No need to use another file to pipe these tasks. Constructing workflow is just like stacking building blocks. You can concatenate the blocks (here, a block begins with - var:) to form a pipeline. Just making sure that your var.name is valid and compatible.

  1. Line 1 declares a YAML document start. And you may noticed that the lines 2 and 21 start with a -. In the YAML format, they are list (array) elements. Workflow runner can parse this array structure to execute each of these tasks in order.

  2. lines 2-7 declared the variables for template to use. The values for these variables are from the global arguments. You can see this as setting alias. With the alias, you won’t change the content of task-template whenever the argument orders are changed. These variables will be existed until overwrite. Namely, the step 2 can directly use declared var.trimmedSeqFolder without specifying again.

  3. Line 9 declares an item list and each item will be used to resolved the task-template to produce a job in this batch task. Therefore, if we got 10 items in the batch-items and all of their task-template.condition is true, there will 10 jobs in this batch task. The workflow runner will wait all the 10 jobs to finish. Then, the workflow proceeds to the next step.

  4. Line 10-24 is the task template. It contains properties of name, image, exec, condition, args, and option.

    • The name is used as a key and is defined by developers. This is mainly used to identify the task.

    • The image is the full container path.

    • The exec is the executable. For a common use case, you can use /bin/sh or /bin/bash here and use -c to formulate your commands.

    • The condition tells if this task will be executed or not. If undefined, the condition is true. If set to any string other than ‘true’ or ‘TRUE’, this task will be ignored.

    • The option can set additional settings for workflow runner. Here, this option will be sent to our task-adapter. The content of this option depends on the adapters. You can set some runtime resources as default values, such as cpus or mem. In this example, we can use setUser: true to notify the adapter that --user must be set when running the docker image. This prevents outputing files with root privileges.

    • The args can have two types: array or string. In this example, we can use the array type and you can see lines 12-18 begins with - . Values leading with the - will be resolved as argument values in order. This is used when there is a fixed number of known arguments. For a non-fixed number of arguments, use the string type. The string type is a more advanced usage and allows you to fully customized your arguments. Basically, the multi-line mode of the YAML will be used by using args: | or args: >. Under the hood, this string is expected as in YAML format and will be resolved as an array. So you can use {% for ... %} ... {% endfor %} to produce arguments of uncertain number.

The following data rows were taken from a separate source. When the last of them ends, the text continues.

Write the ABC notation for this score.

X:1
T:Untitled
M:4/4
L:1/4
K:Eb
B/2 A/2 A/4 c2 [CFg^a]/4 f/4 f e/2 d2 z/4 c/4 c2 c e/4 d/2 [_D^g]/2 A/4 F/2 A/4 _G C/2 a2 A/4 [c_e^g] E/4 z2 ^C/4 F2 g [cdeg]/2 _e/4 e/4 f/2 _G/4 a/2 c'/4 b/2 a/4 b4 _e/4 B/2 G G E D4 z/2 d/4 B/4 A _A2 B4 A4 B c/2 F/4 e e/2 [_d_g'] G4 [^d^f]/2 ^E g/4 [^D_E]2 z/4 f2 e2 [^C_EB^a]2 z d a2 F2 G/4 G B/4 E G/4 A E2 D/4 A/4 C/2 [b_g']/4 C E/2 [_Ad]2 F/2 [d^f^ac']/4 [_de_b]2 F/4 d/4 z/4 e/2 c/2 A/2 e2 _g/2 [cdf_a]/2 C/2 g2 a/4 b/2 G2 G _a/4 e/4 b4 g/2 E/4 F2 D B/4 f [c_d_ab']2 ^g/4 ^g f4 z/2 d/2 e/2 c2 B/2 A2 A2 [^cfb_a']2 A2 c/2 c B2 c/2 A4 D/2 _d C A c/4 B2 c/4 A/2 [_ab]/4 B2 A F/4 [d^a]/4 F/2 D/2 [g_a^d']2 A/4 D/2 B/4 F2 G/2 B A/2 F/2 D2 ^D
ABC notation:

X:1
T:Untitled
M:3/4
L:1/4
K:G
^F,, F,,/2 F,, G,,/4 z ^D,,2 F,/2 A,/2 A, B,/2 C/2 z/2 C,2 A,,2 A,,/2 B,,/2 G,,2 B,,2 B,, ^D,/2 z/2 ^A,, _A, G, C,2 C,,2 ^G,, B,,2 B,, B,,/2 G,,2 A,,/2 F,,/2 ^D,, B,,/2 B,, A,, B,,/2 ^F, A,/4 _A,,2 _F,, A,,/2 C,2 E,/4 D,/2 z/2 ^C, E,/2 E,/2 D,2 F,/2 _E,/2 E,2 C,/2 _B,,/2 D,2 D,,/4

    • The pathMapping filter function transforms your host path to a path inside the container. The Workflow runner will do the volume mapping for you. This is probably the most frequently used filter function.

Tip

  • The key orders are not important. That is, the order of name, condition, exec, etc. can be exchange.

  • The list elmenets inside args may be important. It is the order of the input argument for the exec.

  • We allow array of array here to define your tasks, so that your workflow can have multiple (batch) tasks executed concurrently in one step. If a step contains multiple tasks, you can start the line with - - task-template: to declare array of array using the YAML format. The workflow runner will wait for all the tasks in a step to finish.

  • Because indentation is important in the YAML format, using text editors like Sublime Text, Visual Studio Code, or Notepad++ is recommended. They can help you to collapse items for a clear view.